I have written a fair share of rust code during my PhD, mostly writing simulation code. Your mileage might vary, but I highly enjoyed it and was very happy with the result. However, there are by far not as many specialised scientific libraries, so you are mostly on your own.

For array heavy code it is not as comfortable as Julia syntax wise. For example ndarray ends up feeling more like the numpy ecosystem. There is nalgebra as well. Const generics are a nice addition for array heavy code , as it allows to statically check your dimensions during compile time.

What I really do miss in Julia is a static type checker. When reasoning about your code it actually helps (me) a lot to nail down the data structures and types first and then implement the actual code.

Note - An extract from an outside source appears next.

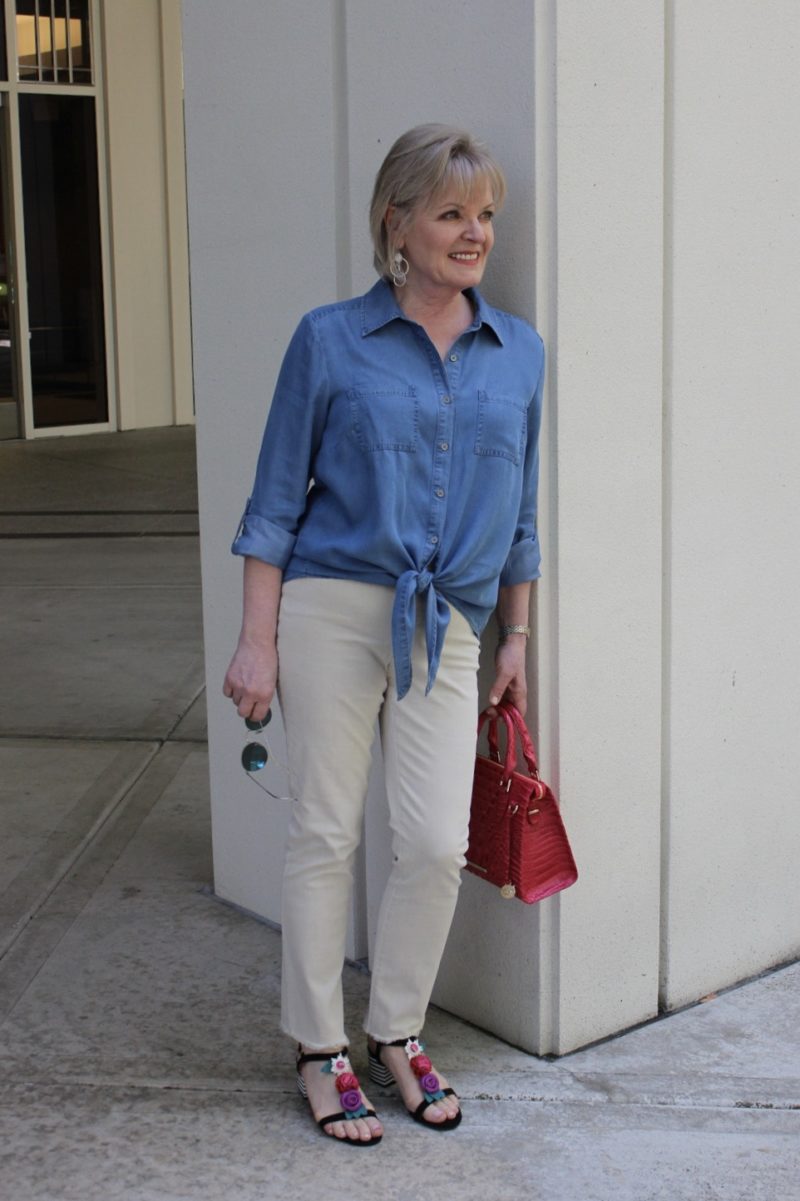 Jennifer Connolly wearing NYDJ from Macy's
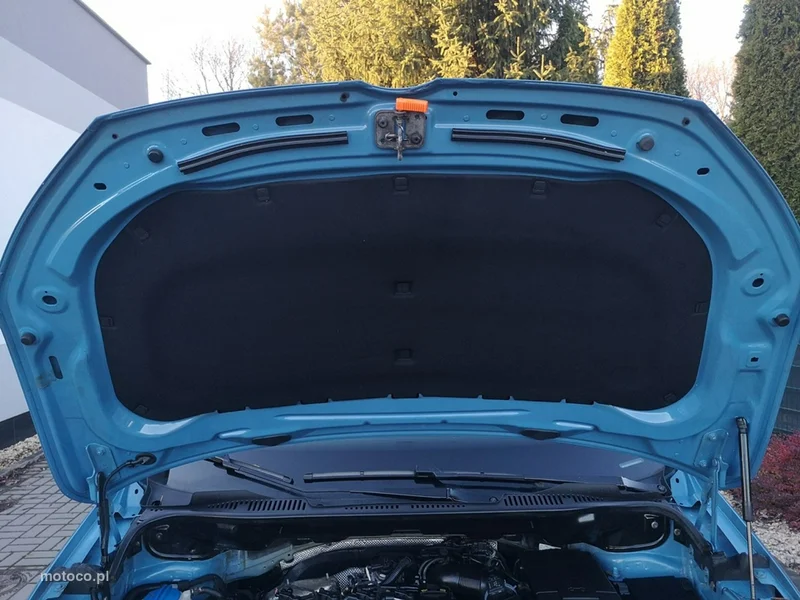 Volkswagen Caddy III 23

I do not buy the „scientific codimg is mostly explorative and uses throw away code and therefore it’s legitimate to not care about best practices and code quality; quick and dirty for the win“ at all. It’s true that a lot of unfinished ideas are cast into code during an experimental phase. However, in my hurtful experience going through other scientist’s code, those quick and dirty codes tend to stay around and end up (their results anyway) in papers. But adhering to scientific principles also means to make sure your results are reproducible and as easy to comprehend as possible. And this includes your scientific code. Therefore, you need to write robust, bug-free, and readable code. Having a good type system that allows you to declare and specify your assumptions and invariants helps with that a lot.

In the end, in both dynamic and static type systems you have to worry about the same things, otherwise you get nasty bugs (faulty results). The difference is, with a static type system you need to be explicit.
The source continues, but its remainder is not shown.